Company officials and McGough construction are set to break ground Thursday.
The addition, which has been in the planning stages for a year, will add 60,000 square feet onto an existing warehouse that sits on the window company's flagship Bayport campus.
Once the new building is completed, Andersen will hire 40 workers to run the facility, said spokeswoman Kim Welch.
The expansion is the latest in a series this decade. In 2015, Andersen spent $45 million expanding its North Branch and Cottage Grove factories to accommodate the firm's growing window replacement business.
In 2014, Andersen expanded its Bayport manufacturing plant, adding 100 new workers there to build Andersen's 100 Series products, which are the company's lower-priced windows and doors.
Demand for 100 Series products has been so strong that extra capacity is now needed.
The new factory, which will open next year, will make Andersen's extruded "Fibrex" composite window materials.
"We needed more extrusion capacity to keep up with the sales demand," Welch said.
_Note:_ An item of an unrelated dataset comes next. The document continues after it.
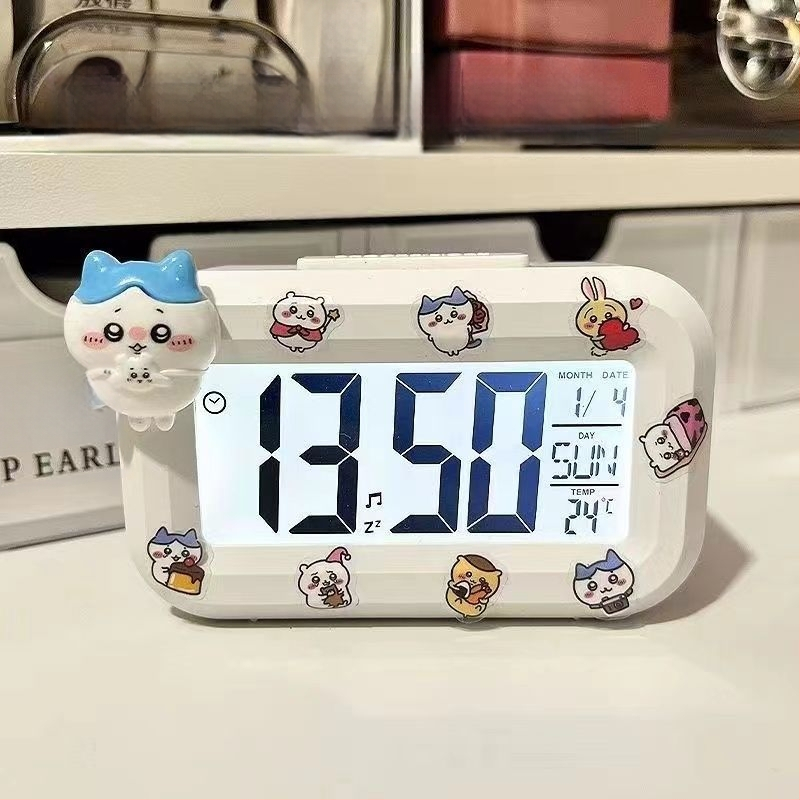 Будилник с LED цифров дисплей, батерийно захранване, електронно движение, едностранен, карикатурен стил.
Andersen is seeing "increased demand for both home improvement and for new home construction [builds]."
Unlike several past projects, the new addition will not receive state subsidies.
Andersen, which was founded in Minnesota in 1903, moved to Bayport in 1913 and has been growing ever since.
The company now boasts 12,000 employees across North America and Europe. Minnesota facilities include Bayport, Oak Park Heights, Cottage Grove and North Branch.
The company's latest growth spurt is good for the community, said Bayport Mayor Susan St. Ores.
"Bayport is very excited to once again share in Andersen Corporation's growth," St. Ores said in an e-mail. "Andersen has been an invaluable community partner for many years, and we are grateful to be selected for Andersen Corp.'s business expansion once again."
St. Ores noted that the city has worked with Andersen through the permitting and zoning processes, "and everything went very smoothly," she said. "The addition of jobs, as well as the environmental improvements make this project positive for Andersen, Bayport and the entire region."